Description of the task: Return an exact copy of the data, starting at its first line and ending at the line that contains "Spode coffee can", minus any pictures.

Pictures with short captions
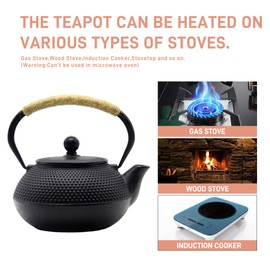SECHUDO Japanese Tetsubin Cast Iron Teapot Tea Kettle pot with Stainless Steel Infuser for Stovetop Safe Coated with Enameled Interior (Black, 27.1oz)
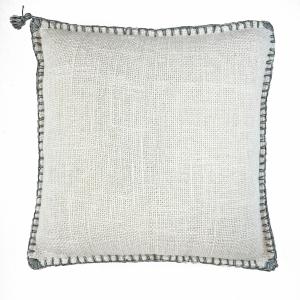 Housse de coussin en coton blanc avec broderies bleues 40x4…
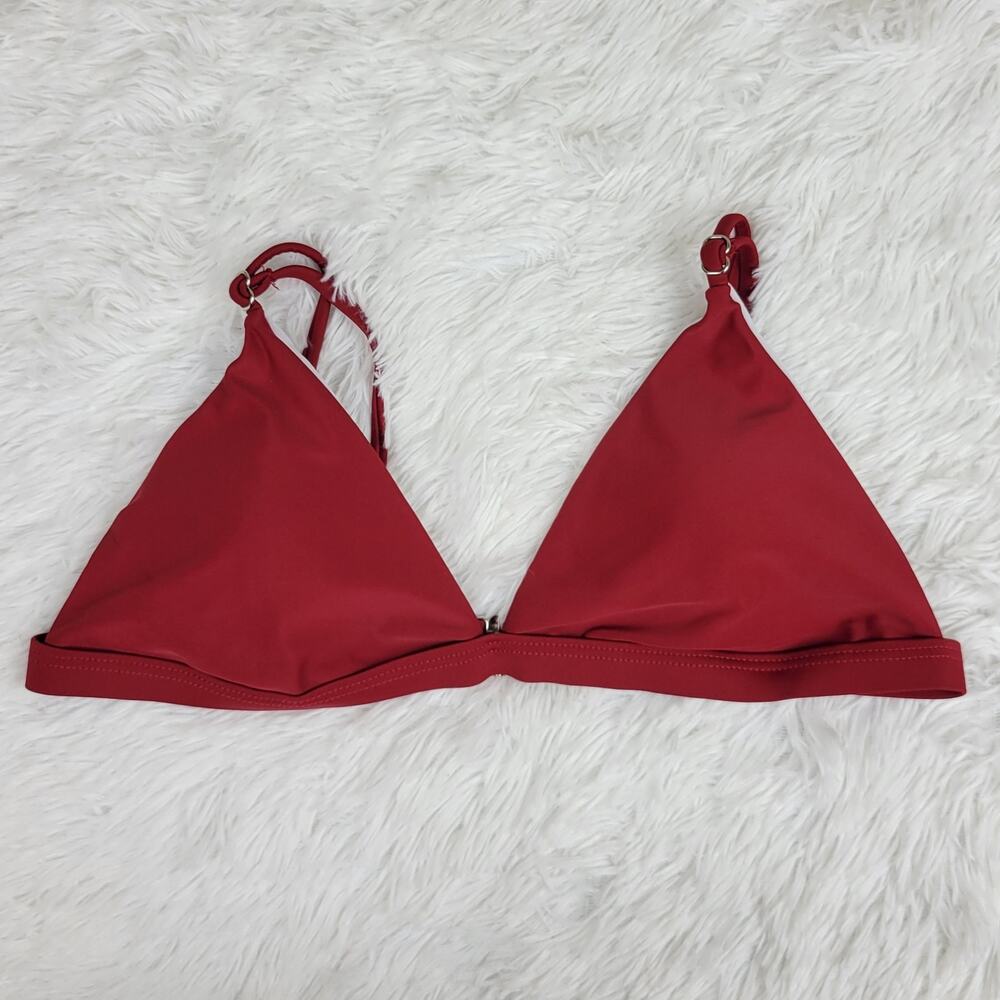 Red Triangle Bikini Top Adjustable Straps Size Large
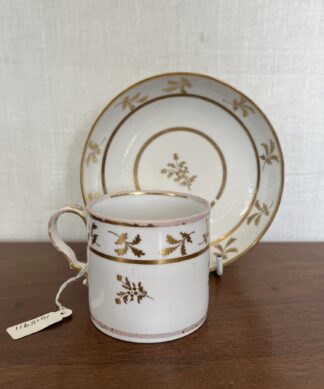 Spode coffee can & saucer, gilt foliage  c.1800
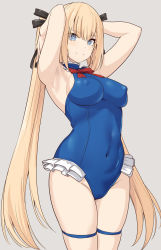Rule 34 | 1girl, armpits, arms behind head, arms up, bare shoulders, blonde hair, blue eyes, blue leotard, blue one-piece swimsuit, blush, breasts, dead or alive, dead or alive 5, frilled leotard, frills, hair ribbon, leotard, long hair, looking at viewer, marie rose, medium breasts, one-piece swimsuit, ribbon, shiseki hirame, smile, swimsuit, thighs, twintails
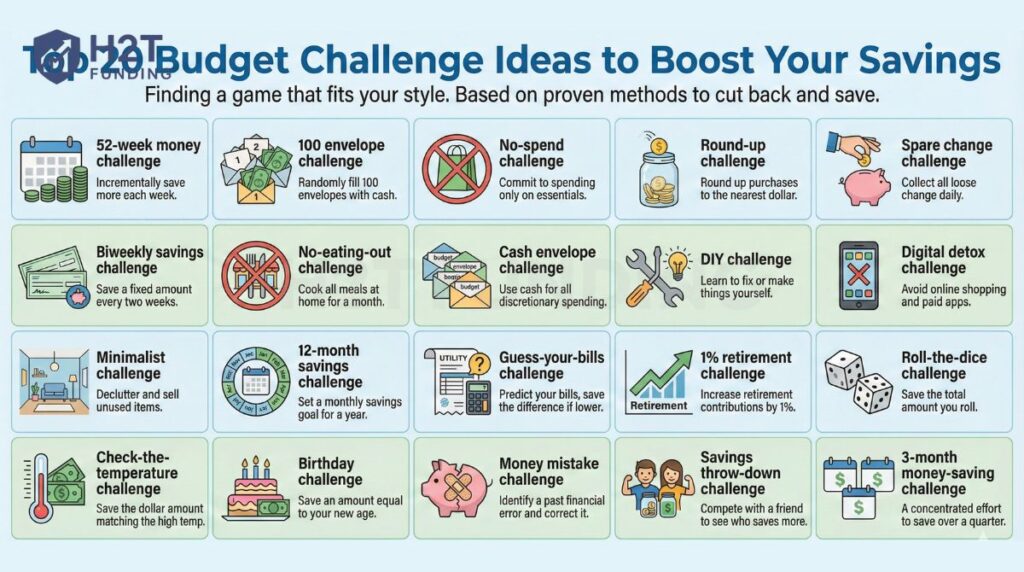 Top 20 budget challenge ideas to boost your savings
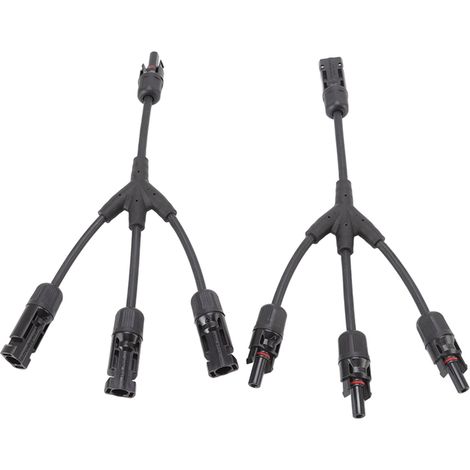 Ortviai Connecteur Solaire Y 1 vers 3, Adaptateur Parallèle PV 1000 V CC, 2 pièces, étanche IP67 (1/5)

Exercise answer:
SECHUDO Japanese Tetsubin Cast Iron Teapot Tea Kettle pot with Stainless Steel Infuser for Stovetop Safe Coated with Enameled Interior (Black, 27.1oz)
 Housse de coussin en coton blanc avec broderies bleues 40x4…
 Red Triangle Bikini Top Adjustable Straps Size Large
 Spode coffee can & saucer, gilt foliage  c.1800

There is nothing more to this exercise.